H<->D memcpy bottleneck for multi-thread application

Hello,
I am developing a CUDA application using multiple host threads. Several host threads are launched, each of which tries to occupy one existing CUDA device, does H2D transfer, computing and D2H transfer. After the data is copied back, the threads will evaluate the results and perform some memory copy on host side.
There is only one CUDA device in the system. I use several threads to take advantage of this device, in order to hide the cost of host side operations. But I have observed that the H<->D transfer bandwidth decreases while the number of host threads increases. I’ve also noticed that the PCI-e 3.0 (x16) has a max H<->D bandwidth 16GB/s, while the host side DDR3 memory bandwidth is 12GB/s. Does this mean that the bottleneck for H<->D transfer in this case is the host memory bandwidth?
If that is the answer, is there any way to realize my initial design idea?

PCIe uses packetized transport, and packet-size restrictions on both the host side and the GPU side limit the practically achievable bandwidth to about 12 GB /second in each direction. Due to fixed-sized overhead of PCIe transfers, achieving this maximum possible throughput requires fairly large individual transfers, often >= 4 MB.

PCIe provides a full-duplex link, so for GPUs with two DMA engines (e.g. Tesla) you could have two streams shuffling close to 12 GB / second of data going from host to device and from device to host simultaneously. Obviously the host’s system memory serves as source / sink for this data, and a slow host system memory can indeed negatively impact the transfers, even more so when synchronous transfers are used, which use an additional intermediate copy inside the host’s system memory.

However, modern PC platforms use multiple DDR4 channels as system memory which can easily feed a PCIe3 x16 link. Even before the introduction of DDR4, PC platforms typically had multiple DDR3 channels which also provided sufficient bandwidth. I recall system memory bandwidth issues impacting performance of CUDA programs only from very old GPU-accelerated PC platforms (pre 2010? my memory is hazy). Are you sure your host’s system memory bandwidth is limited to 12 GB/sec? What CPU does it use? How many channels and what speed grade of DDR3?

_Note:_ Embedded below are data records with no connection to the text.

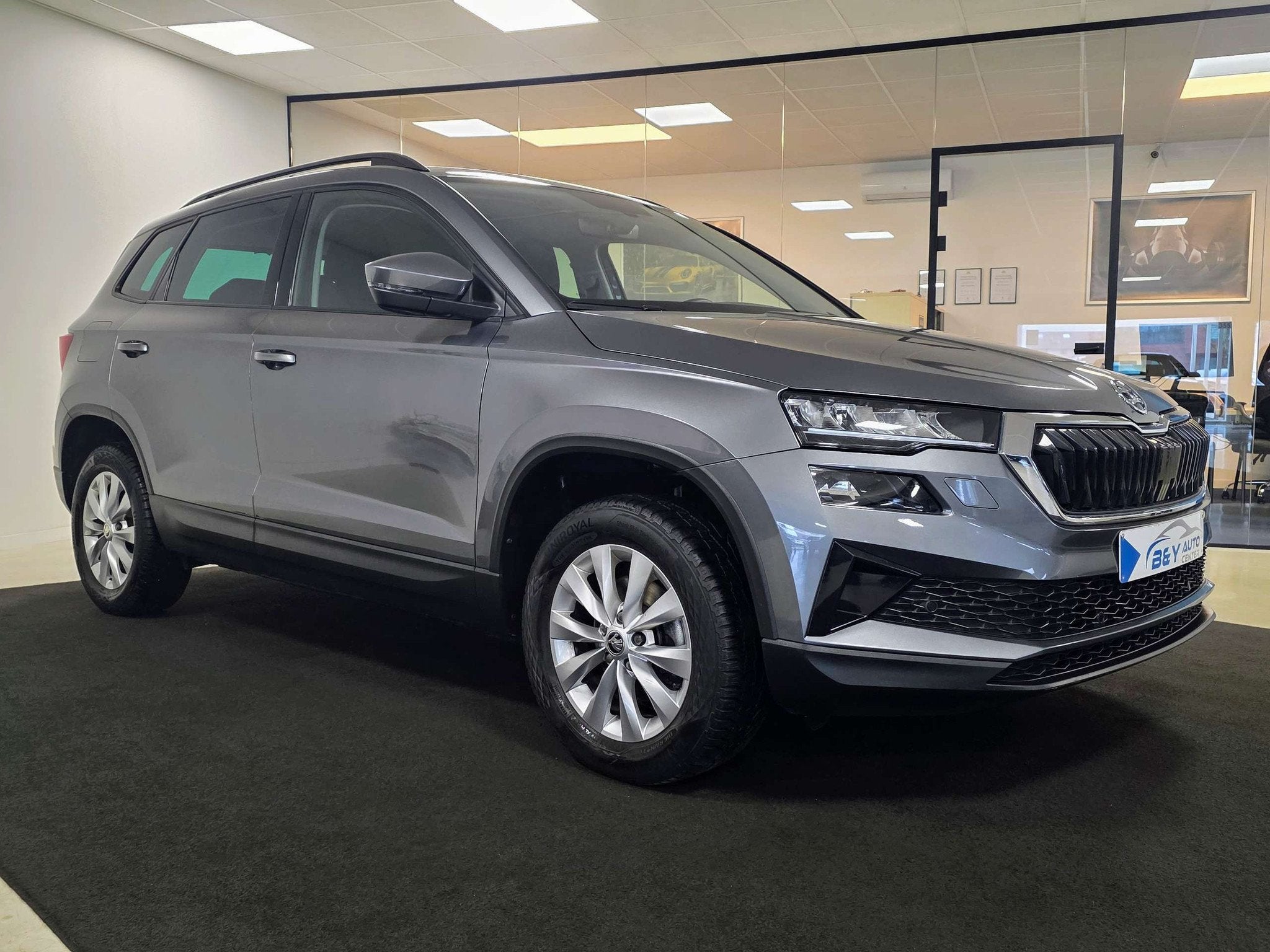 Skoda Karoq 1.0 TSI Active 110pk - BTW AFTREKBAAR (bj 2023), Auto's, Skoda, Bedrijf, Te koop, Karoq, ABS, Airbags, Airconditioning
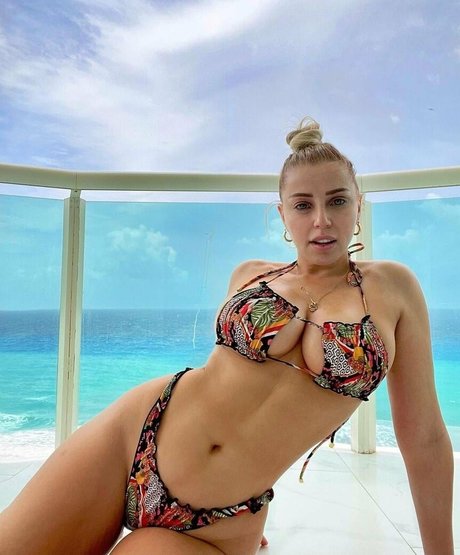 Violet Benson free actress images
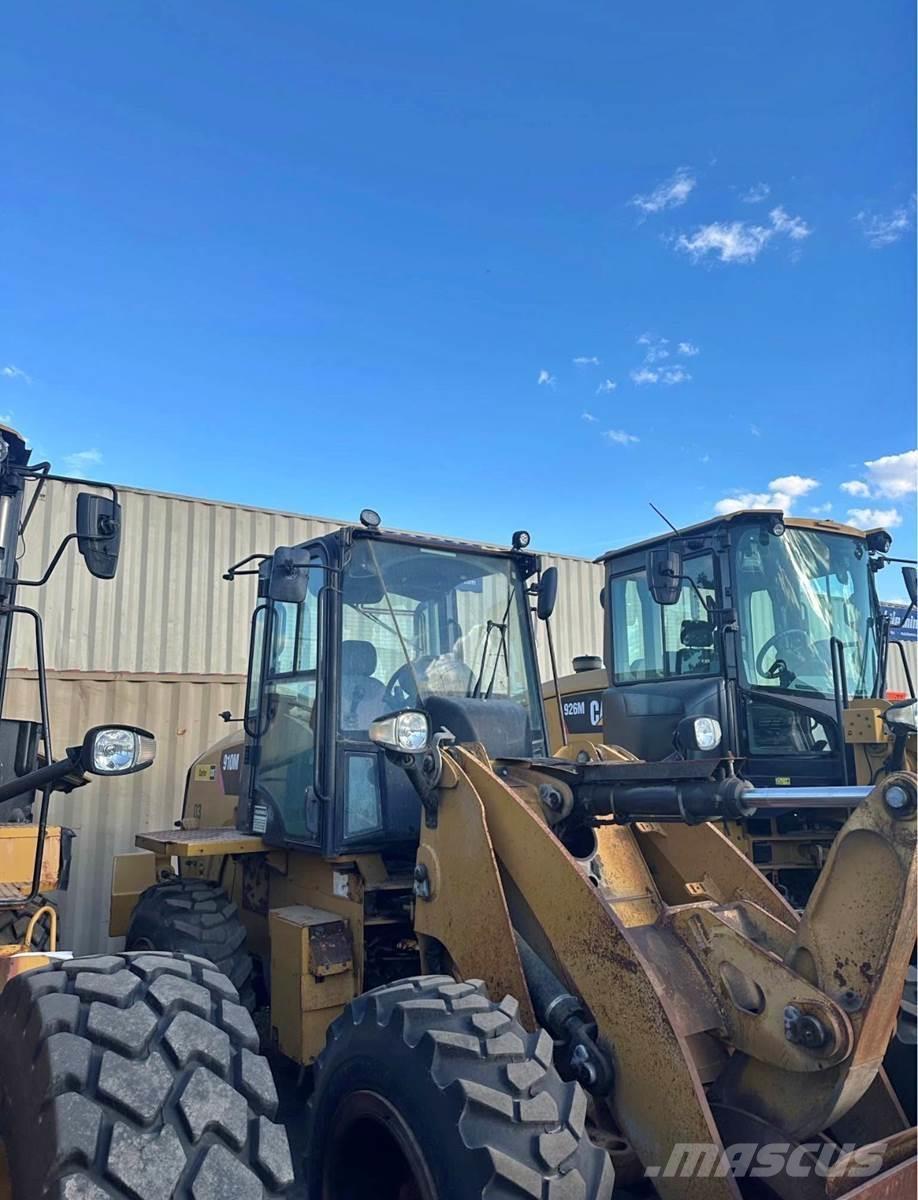 CAT 910M Kolesni nakladalci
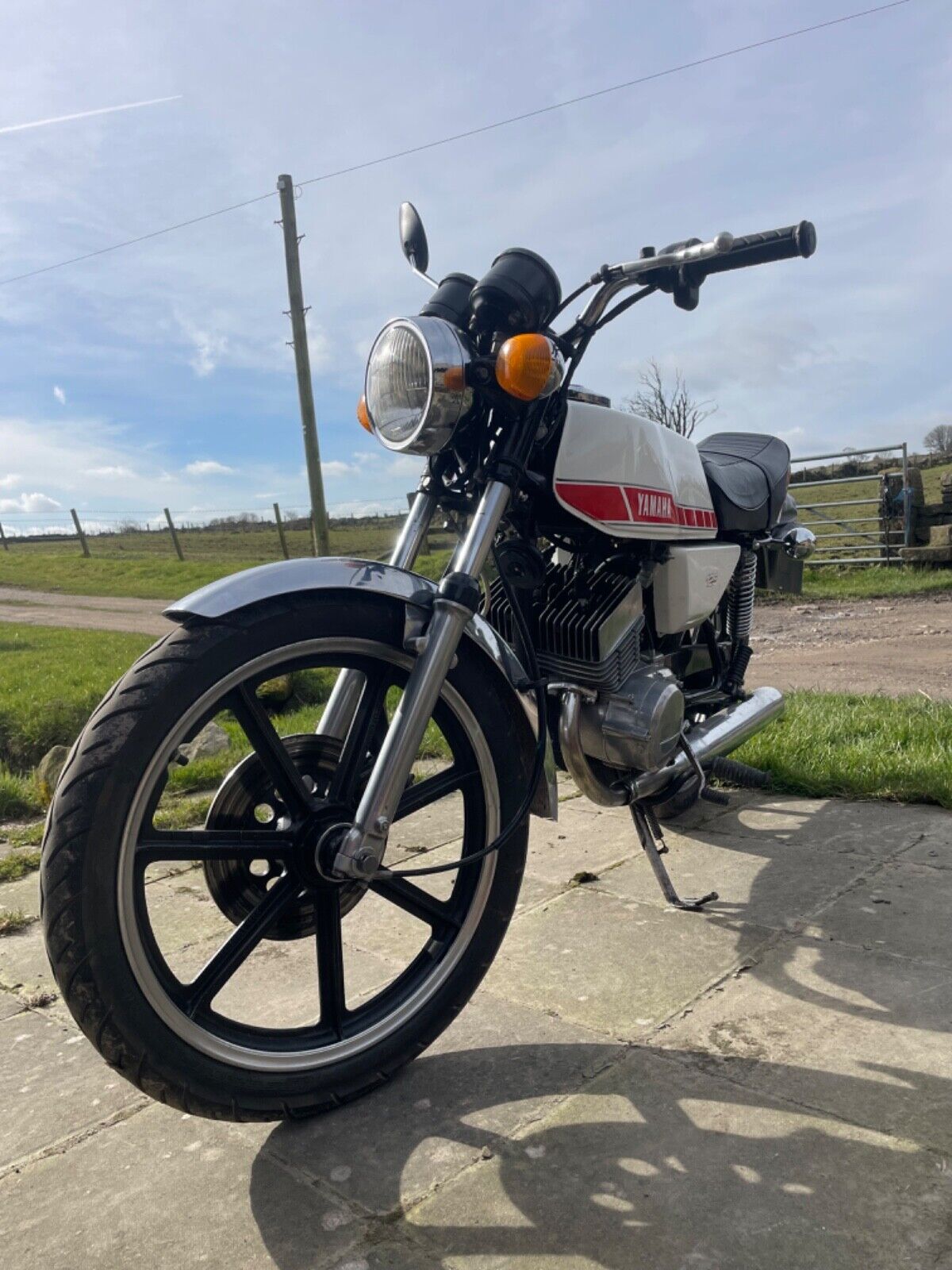 Yamaha RD125 - Barn Find Motorcycle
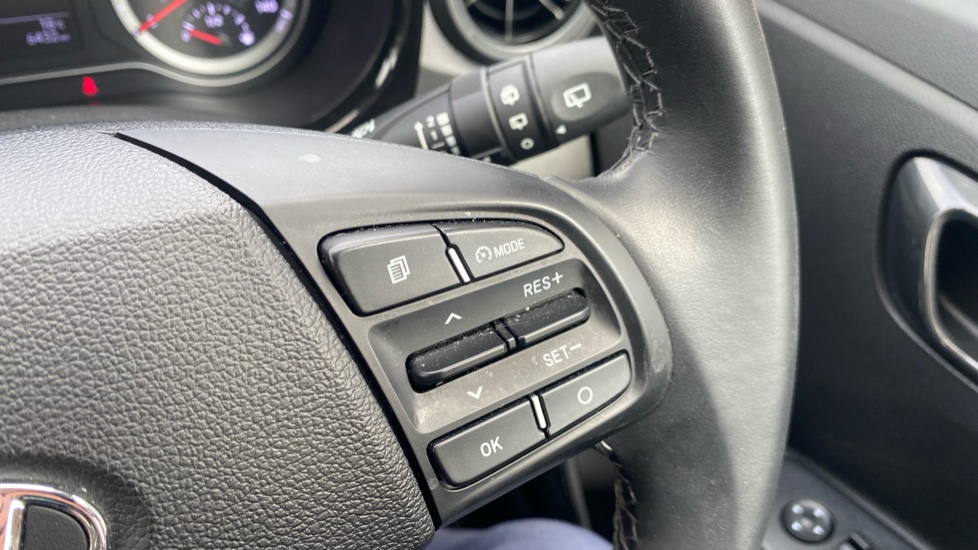 Hyundai i10 1.0 MPi SE Connect 5dr Petrol Hatchback - Image 26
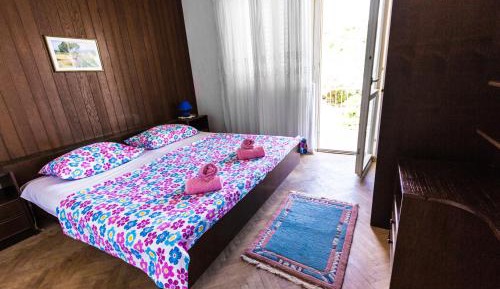 Two-Bedroom Apartment with Balcony and Sea View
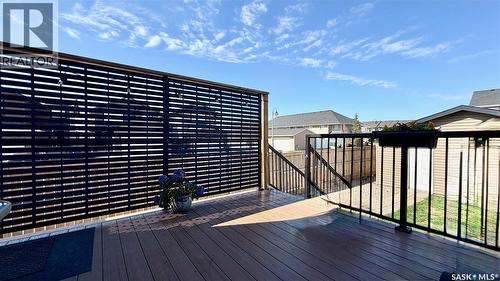 230 Veltkamp Lane, Saskatoon, SK - Outdoor
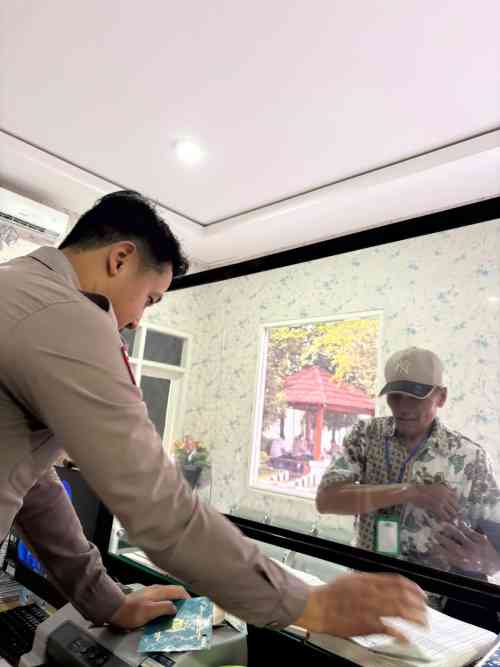 IMG-20260615-WA0003 Bukan Razia, Polantas Tuban Justru Jadi Tempat Warga Bertanya Soal SIM, STNK dan BPKB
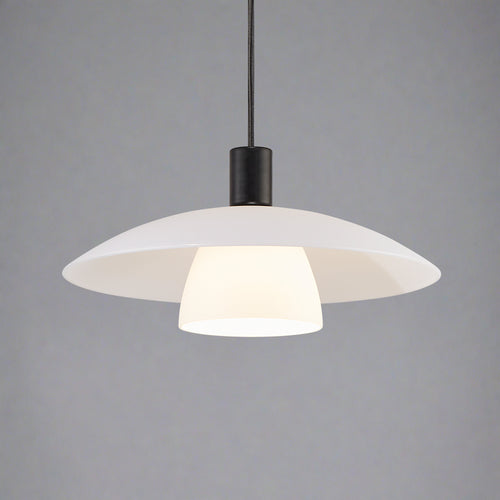 Ezri Pendellampe Klassisk Skandinavisk Design | Luvikno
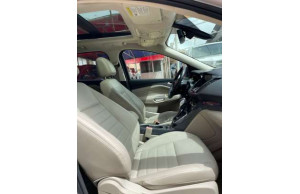 Ford Escape-Titanium 2014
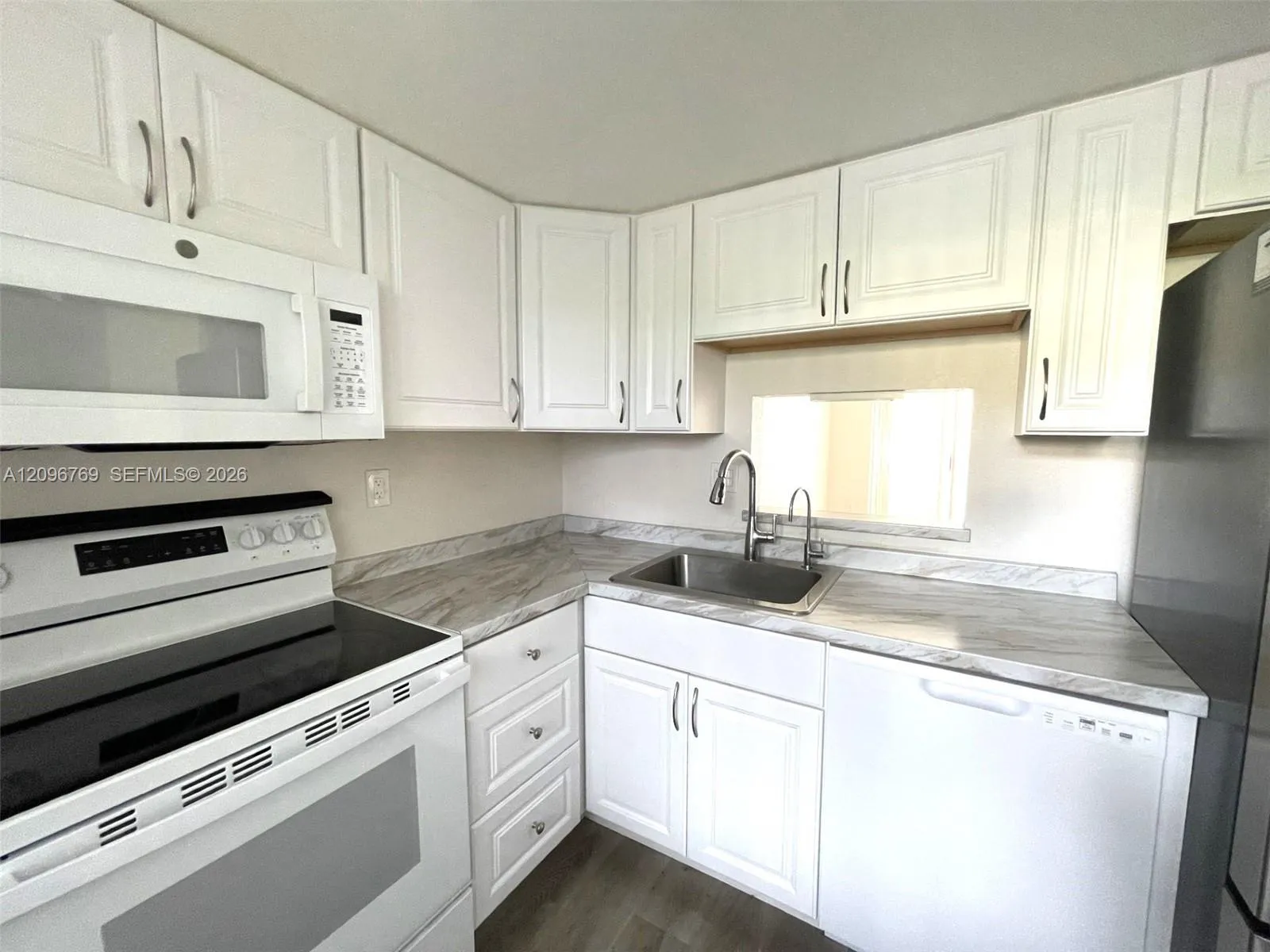 View details of listing 3099 NW 48th Avenue 157, Lauderdale Lakes, FL 33313 Lauderdale Lakes with MLS# 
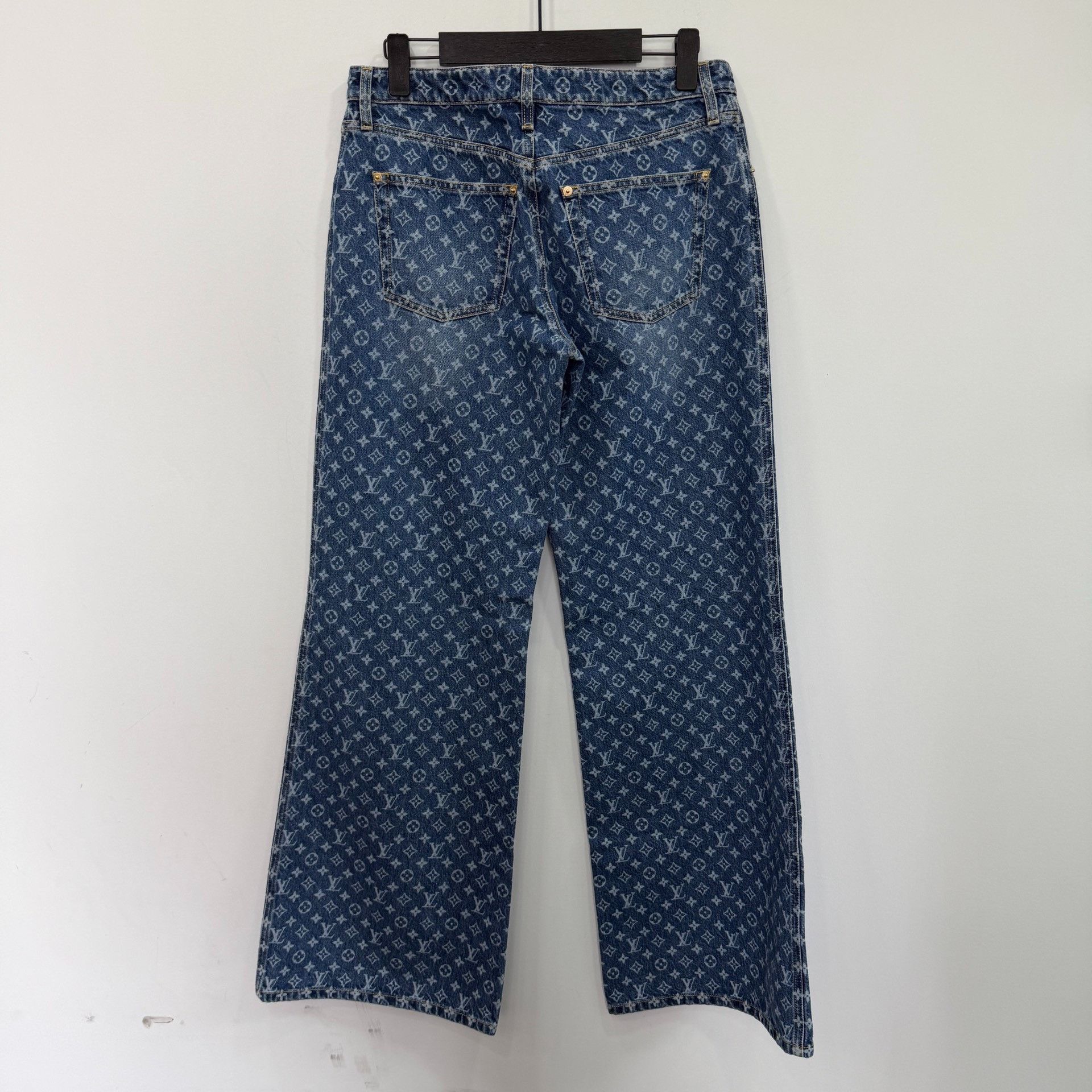 Louis Vuitton Louis Vuitton Denim Long Denim Jeans 32 Men Size US 32 / EU 48 - 2 Thumbnail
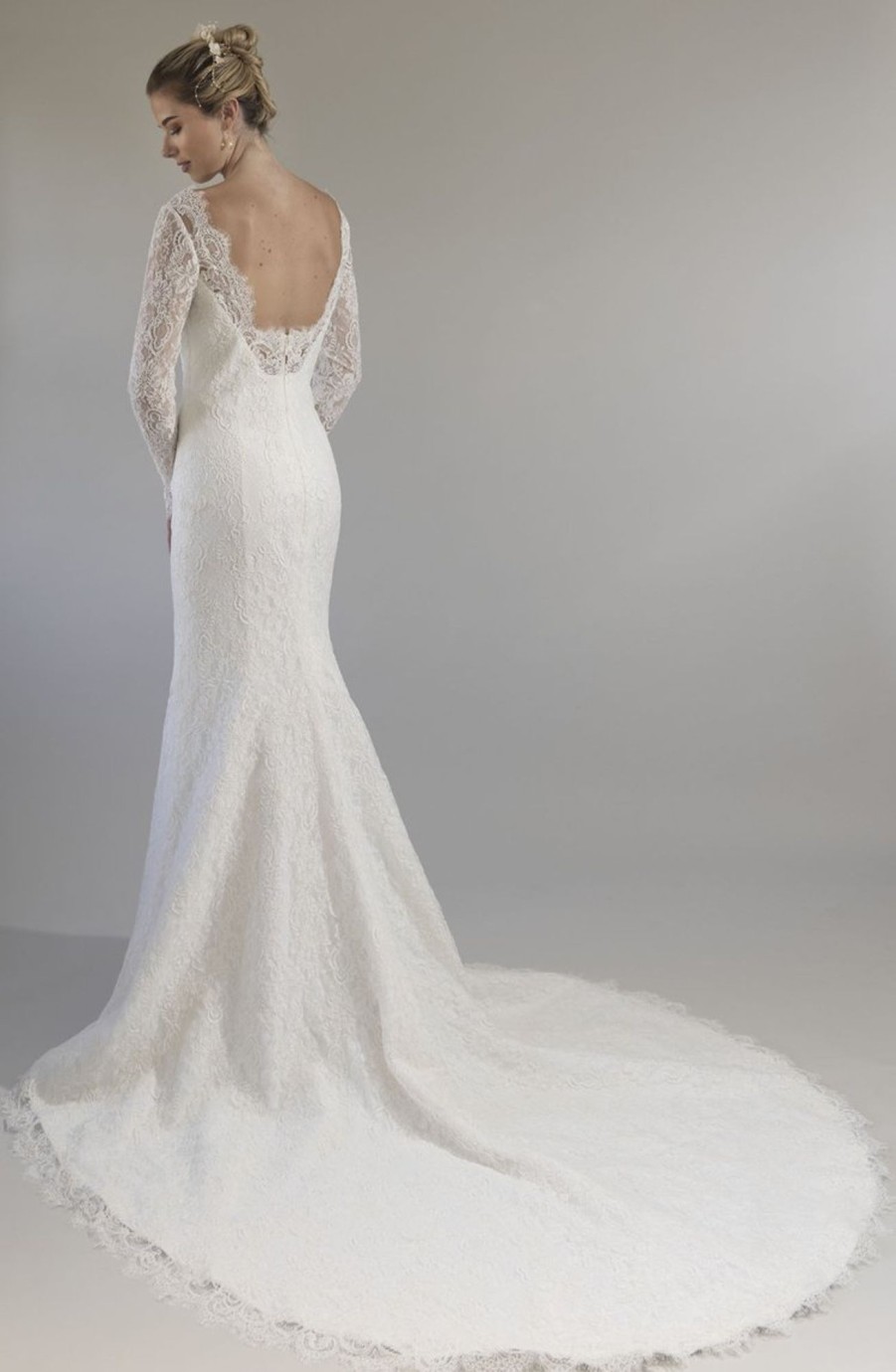 Dresses Kleinfeld Bridal Lace | Long Sleeve Lace Fit And Flare Wedding Dress With Bateau Neck And Open Back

In general you would want to minimize CPU <-> GPU copies. To minimize bandwidth requirements, in some contexts it can make sense to use some cheap on-the-fly compression, or chose a smaller data type. Much real-life data originates from sensors providing resolution of only 11 to 15 bits.

GPU kernels run asynchronously to the CPU, and you can (and should) use asynchronous copies to overlap GPU work with copy operations. So it is not clear to me why you need multiple host threads interacting with the device. A single host thread using multiple CUDA streams asynchronously is likely closer to what you want, but then I don’t know the details of your use case.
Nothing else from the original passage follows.